> _Task statement_
Output all entries exactly; images excluded.

(Captioned web image data)
......

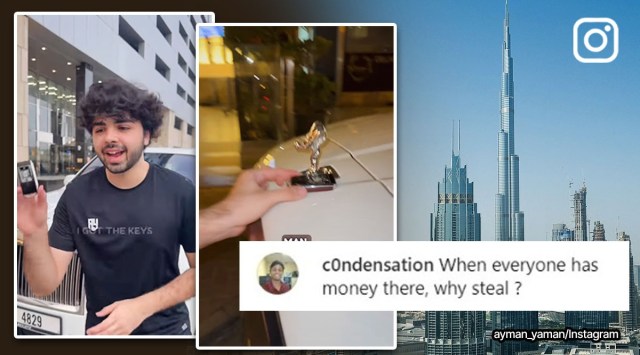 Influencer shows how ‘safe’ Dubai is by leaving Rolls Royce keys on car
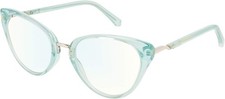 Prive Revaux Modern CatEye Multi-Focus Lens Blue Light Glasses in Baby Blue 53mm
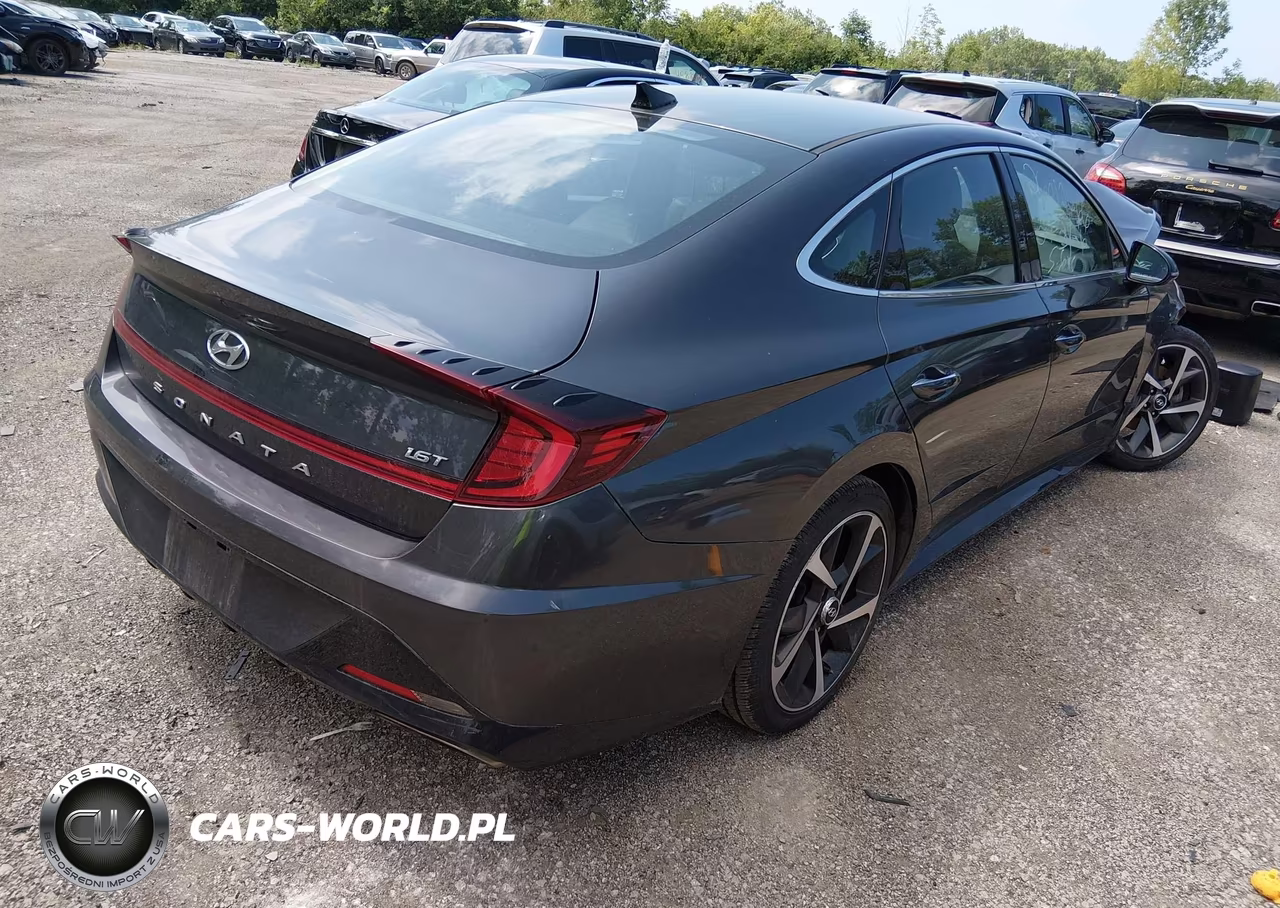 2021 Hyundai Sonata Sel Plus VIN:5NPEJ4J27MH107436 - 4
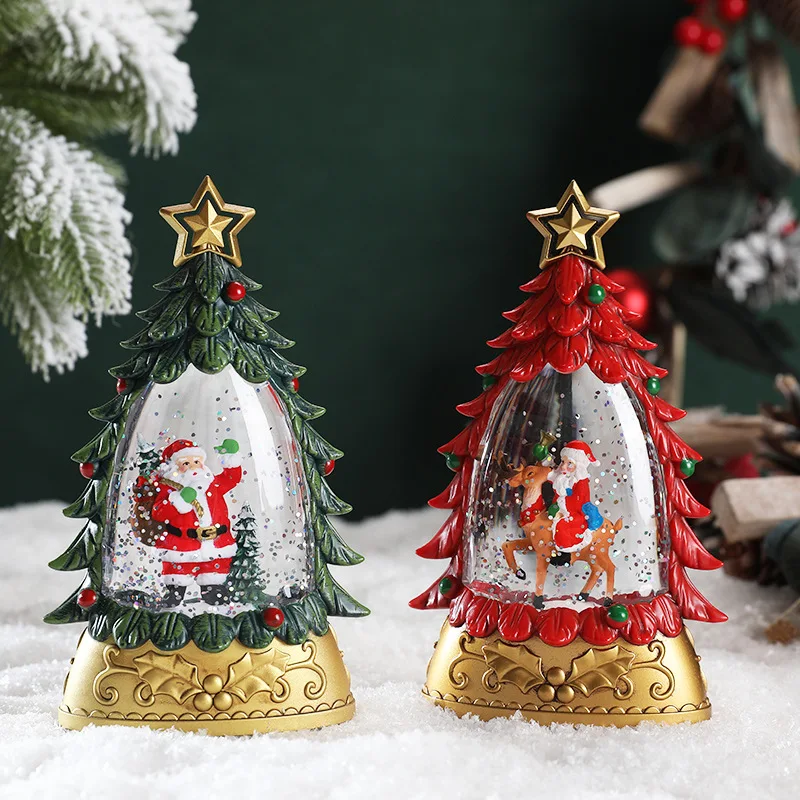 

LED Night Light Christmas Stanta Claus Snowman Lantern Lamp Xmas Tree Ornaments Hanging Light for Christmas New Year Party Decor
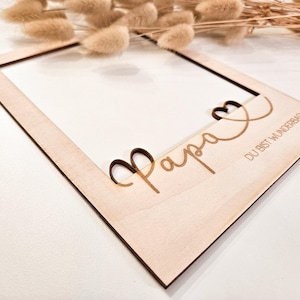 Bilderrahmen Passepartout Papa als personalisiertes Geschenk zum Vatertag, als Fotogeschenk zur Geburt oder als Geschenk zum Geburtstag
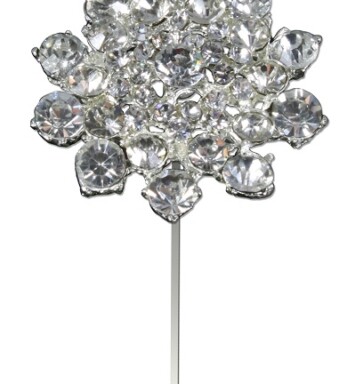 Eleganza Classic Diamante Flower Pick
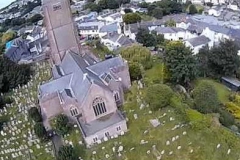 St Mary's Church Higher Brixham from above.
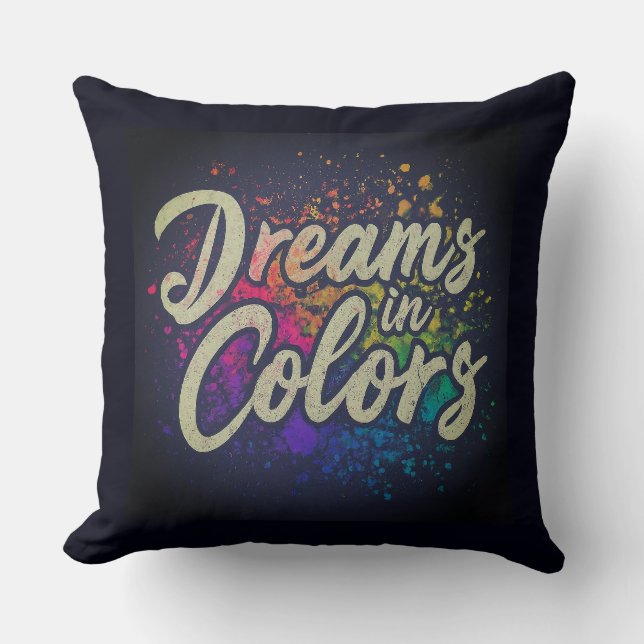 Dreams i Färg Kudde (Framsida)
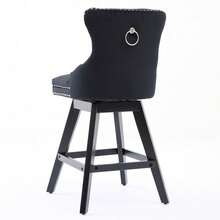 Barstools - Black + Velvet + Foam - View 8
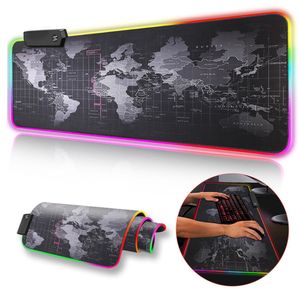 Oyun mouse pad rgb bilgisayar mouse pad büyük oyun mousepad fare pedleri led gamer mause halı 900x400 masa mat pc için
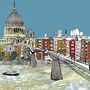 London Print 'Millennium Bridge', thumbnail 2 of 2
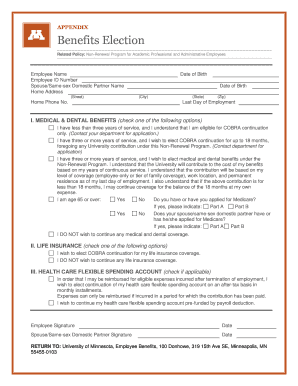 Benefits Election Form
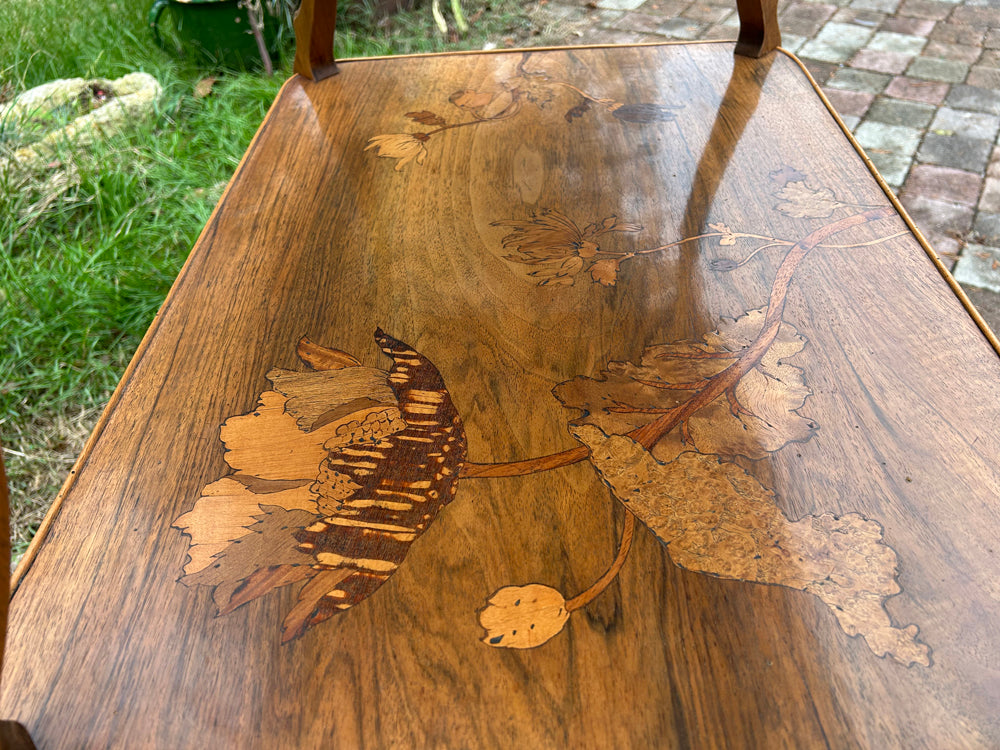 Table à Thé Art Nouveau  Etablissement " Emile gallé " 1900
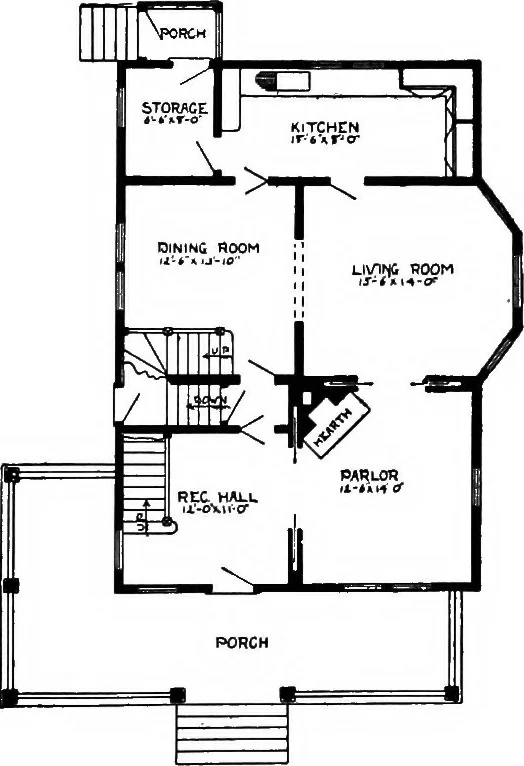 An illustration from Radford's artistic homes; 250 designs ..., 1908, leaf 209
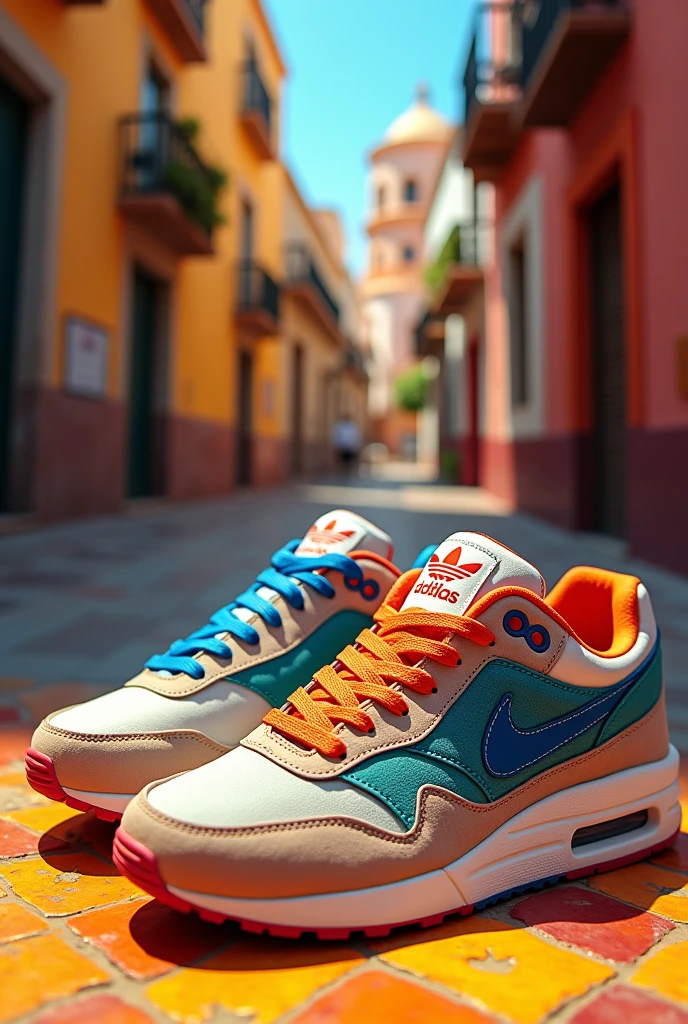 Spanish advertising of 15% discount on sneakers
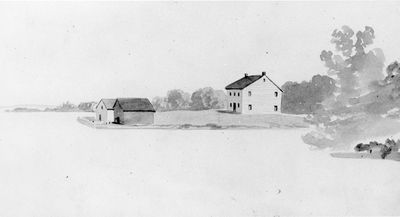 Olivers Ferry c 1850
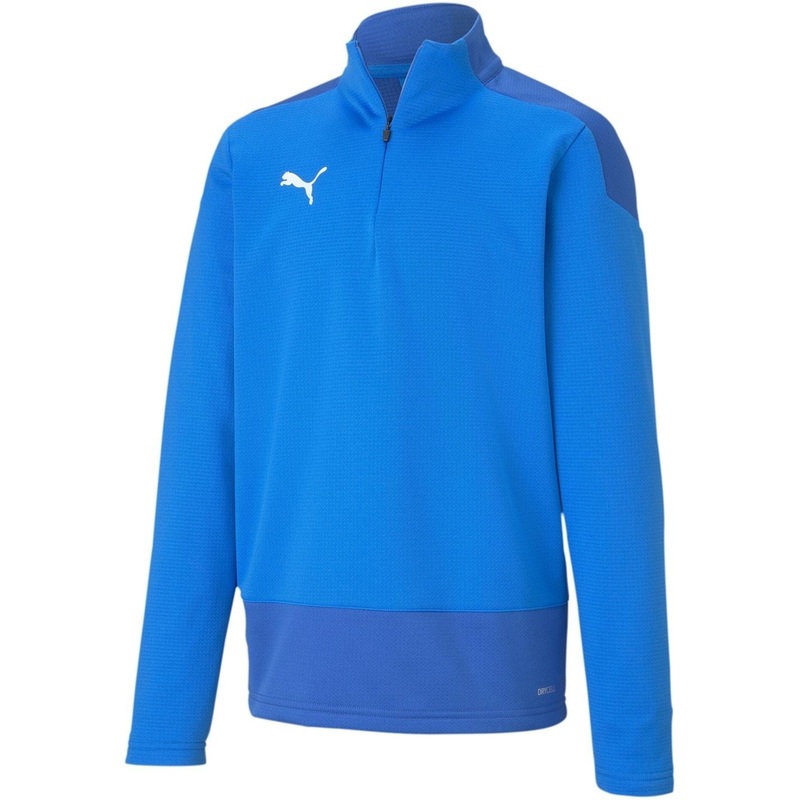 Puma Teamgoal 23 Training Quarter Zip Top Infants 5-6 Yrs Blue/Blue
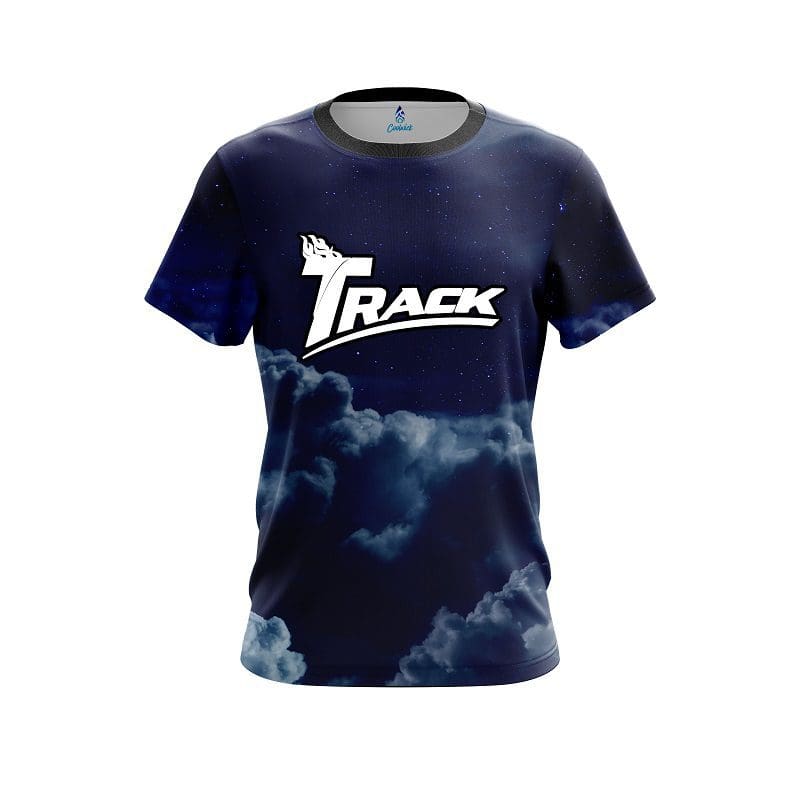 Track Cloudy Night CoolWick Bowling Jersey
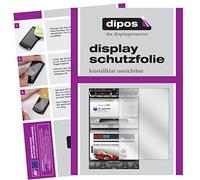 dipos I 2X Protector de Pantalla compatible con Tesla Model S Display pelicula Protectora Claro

......

> _Finished task_
 Influencer shows how ‘safe’ Dubai is by leaving Rolls Royce keys on car
 Prive Revaux Modern CatEye Multi-Focus Lens Blue Light Glasses in Baby Blue 53mm
 2021 Hyundai Sonata Sel Plus VIN:5NPEJ4J27MH107436 - 4

LED Night Light Christmas Stanta Claus Snowman Lantern Lamp Xmas Tree Ornaments Hanging Light for Christmas New Year Party Decor
 Bilderrahmen Passepartout Papa als personalisiertes Geschenk zum Vatertag, als Fotogeschenk zur Geburt oder als Geschenk zum Geburtstag
 Eleganza Classic Diamante Flower Pick
 St Mary's Church Higher Brixham from above.
 Dreams i Färg Kudde (Framsida)
 Barstools - Black + Velvet + Foam - View 8
 Oyun mouse pad rgb bilgisayar mouse pad büyük oyun mousepad fare pedleri led gamer mause halı 900x400 masa mat pc için
 London Print 'Millennium Bridge', thumbnail 2 of 2
 Benefits Election Form
 Table à Thé Art Nouveau  Etablissement " Emile gallé " 1900
 An illustration from Radford's artistic homes; 250 designs ..., 1908, leaf 209
 Spanish advertising of 15% discount on sneakers
 Olivers Ferry c 1850
 Puma Teamgoal 23 Training Quarter Zip Top Infants 5-6 Yrs Blue/Blue
 Track Cloudy Night CoolWick Bowling Jersey
 dipos I 2X Protector de Pantalla compatible con Tesla Model S Display pelicula Protectora Claro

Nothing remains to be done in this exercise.